In a sense, we are “throwing money at the problem” in this case, as we’re simply purchasing a larger server.
However, Dell only sells servers that operate so quickly and have so much disk space. If we need to handle even more users, we’ll need another strategy.

Horizontal Scaling

Instead of purchasing one very large server, we can purchase more of the smaller servers. In this case, we’re spending less and obtaining more hardware.
With multiple small servers, we must interconnect them. Here’s a diagram of 2 servers named A and B, the cloud, and 2 laptops making requests on our servers.
In order to distribute the load to each server, we might use DNS. When one laptop requests our site, we can answer that request with the IP address of A. The next request we can answer with B. We can continue in this fashion so that half of the requests are sent to A and the other half to B.
However, if one customer imposes more load than another, then server A might be under a lot more pressure than server B. To fix this, we can use a load balancer.
Load balancers communicate bidirectionally with the servers. If server A says that they have space and servers B and C say that they are handling too many requests, then the load balancer can start directing traffic to server A.
In this diagram, we’ve added server C and added a load balancer at the dot.
Note that in this diagram, we have a Single Point of Failure, or SPOF. If the load balancer goes down or gets overwhelmed, no requests will reach the server.
To fix this, we can add another load balancer. These are labelled 1 and 2 in the diagram below.
The two load balancers communicate with each other. Similar to how our heartbeat signals to us every second or so that we are alive, if load balancer 1 is up and running, 1 will tell 2 that they are alive. If 2 does not get a signal from 1 eventually, then 2 will take over the role.
By default, only 1 of the load balancers will be working. If one fails, the other will take over.
Architecting networks refers to building up these complex interconnected networks.

Virtualization

Virtualizing hardware refers to creating software, and running it on hardware, such that it creates the illusion that one computer is two, or one computer is ten.

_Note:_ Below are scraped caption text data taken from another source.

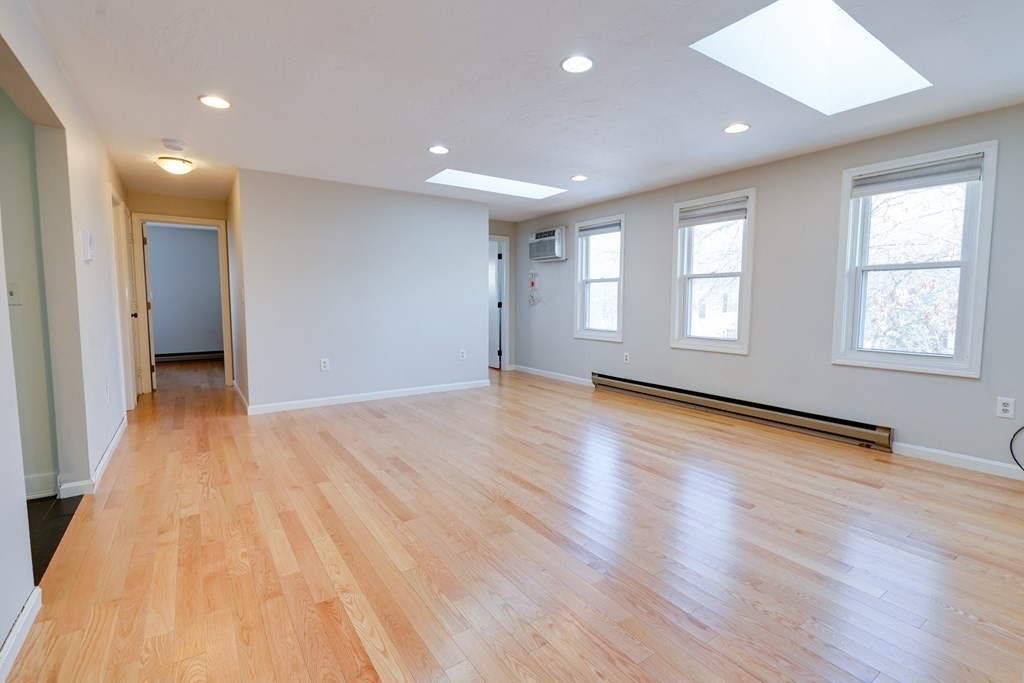 6 Inverness Avenue, Unit 9 Worcester, MA 01604 - Photo 4 of 19 Gallery Image 4
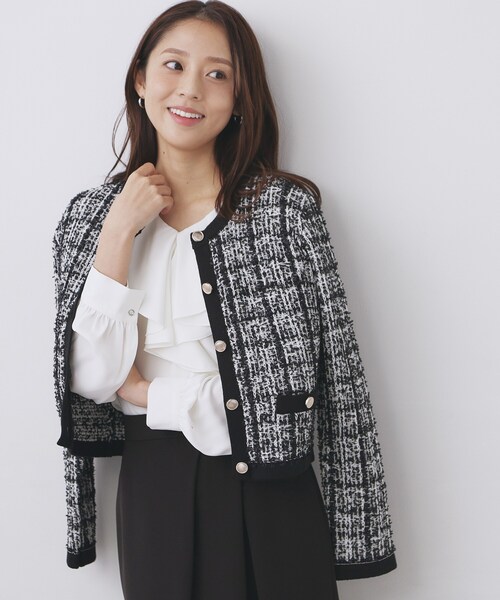 index（インデックス）の「ファンシーヤーントリミングカーディガン【洗濯機OK】（カーディガン/ボレロ・レディース・ブラック系3/ホワイト系6/ベージュ系その他7・42/40/38/36）」の8枚目の写真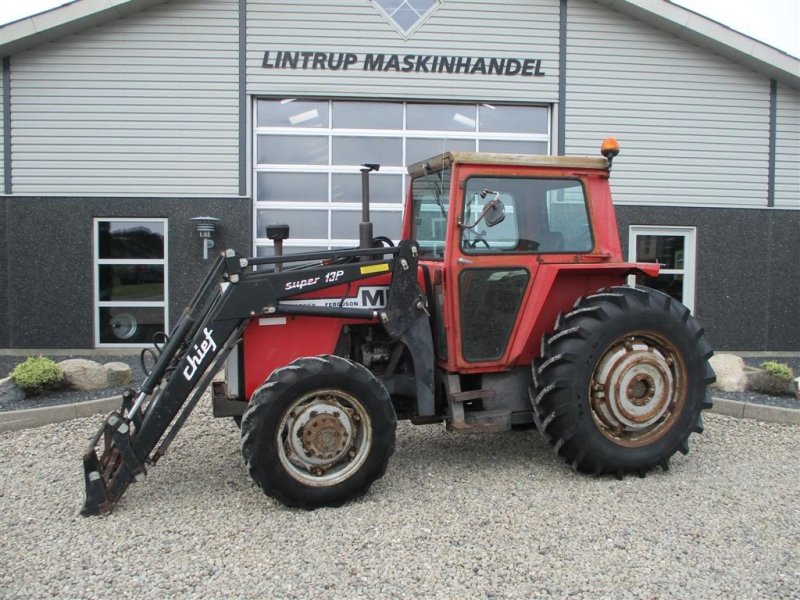Traktor Türe ait Massey Ferguson 590 Med fin frontlæsser med parallelføring, Gebrauchtmaschine içinde Lintrup
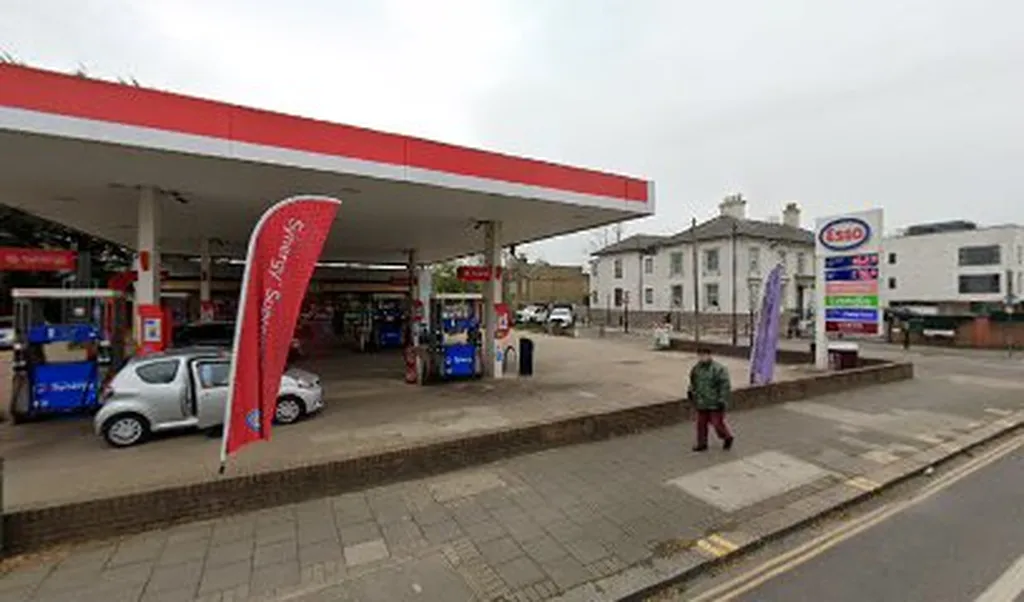 M R H Service Station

This allows one piece of hardware to be sold multiple times.
This virtualization creates the illusion that we have one server per customer, but actually, all ten of the customers are on the same machine. Importantly, each customer cannot access another customer’s data.
Using the cloud refers to using servers somewhere else that someone else is managing. Companies like Amazon, Microsoft, or Google have these servers that we can access which create the illusion of our own servers, known as virtual machines.
- Infrastructure is the actual hardware.
- Hypervisor is a software called VMware or Parallels, which virtualizes this hardware.
- Within the Virtual Machines, different OS’s and apps can be installed.

Containerization

Within virtualization, we might note that there is duplication, particularly for the operating systems.
Containerization shares more software. Instead of installing operating systems three times, we might install it once which allows for more room, where we might be able to run six apps instead of just three, as in virtualization.
- Docker is a program that provides us with the ability to run these apps.